▶ WORK ITEM:
Transcribe the records below word for word, leaving every picture out.

Stored data entries:
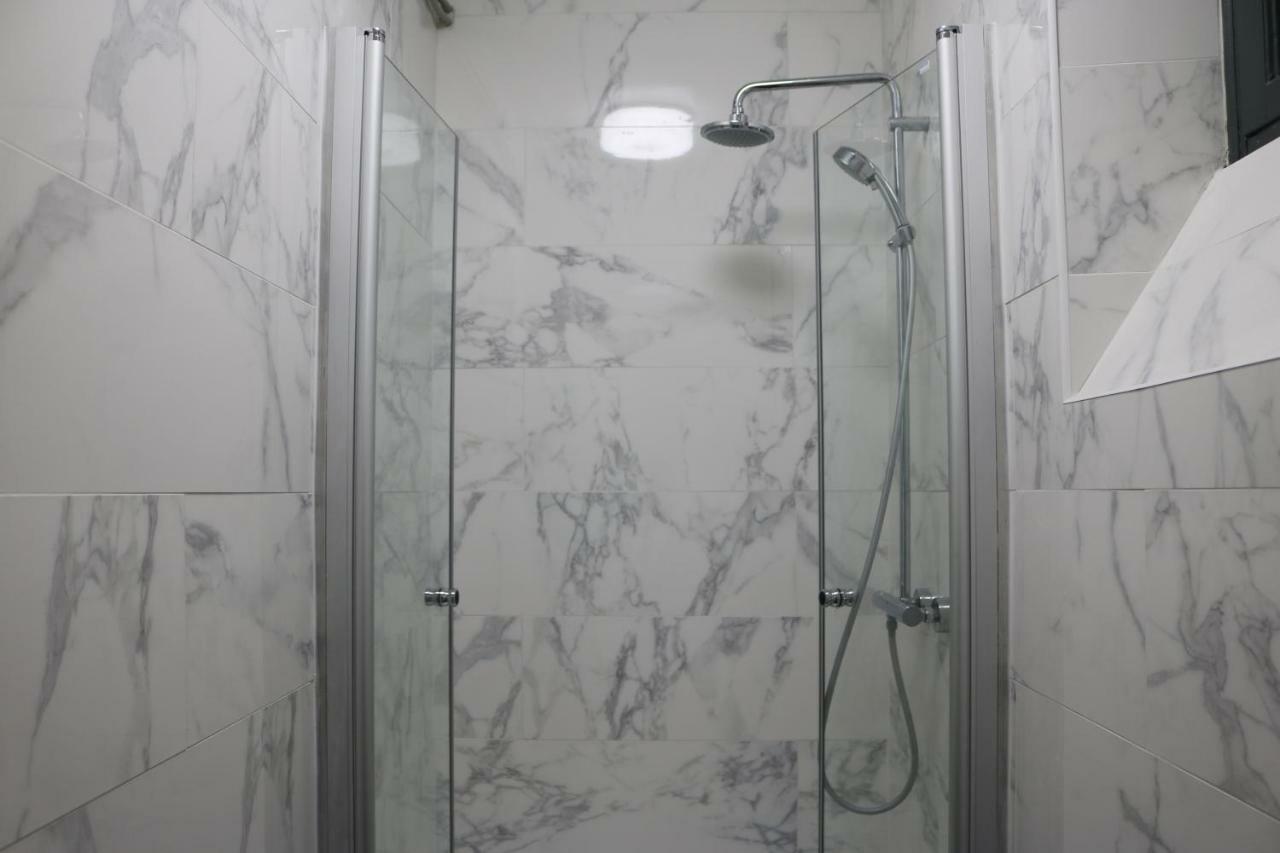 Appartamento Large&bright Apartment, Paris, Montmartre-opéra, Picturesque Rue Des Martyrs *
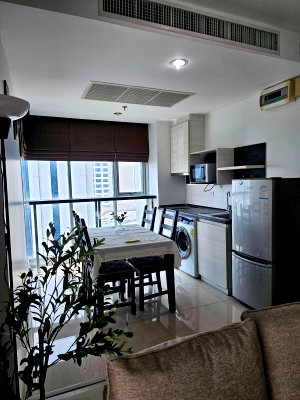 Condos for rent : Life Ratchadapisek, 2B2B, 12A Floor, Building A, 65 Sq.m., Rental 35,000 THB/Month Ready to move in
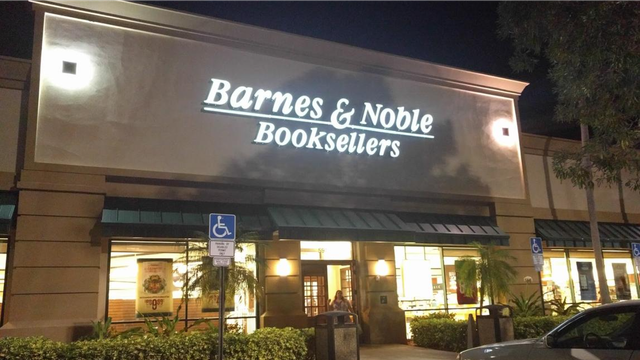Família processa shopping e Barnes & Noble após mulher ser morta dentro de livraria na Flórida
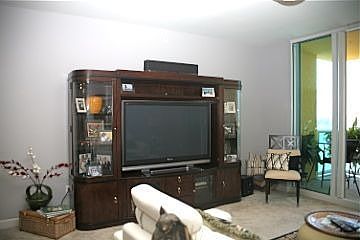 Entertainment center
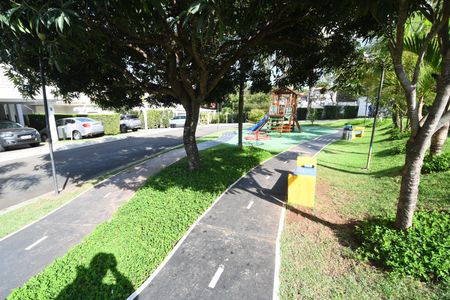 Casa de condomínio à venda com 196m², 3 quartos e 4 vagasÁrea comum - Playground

▶ RESPONSE BOX:
 Appartamento Large&bright Apartment, Paris, Montmartre-opéra, Picturesque Rue Des Martyrs *
 Condos for rent : Life Ratchadapisek, 2B2B, 12A Floor, Building A, 65 Sq.m., Rental 35,000 THB/Month Ready to move in
Família processa shopping e Barnes & Noble após mulher ser morta dentro de livraria na Flórida
 Entertainment center
 Casa de condomínio à venda com 196m², 3 quartos e 4 vagasÁrea comum - Playground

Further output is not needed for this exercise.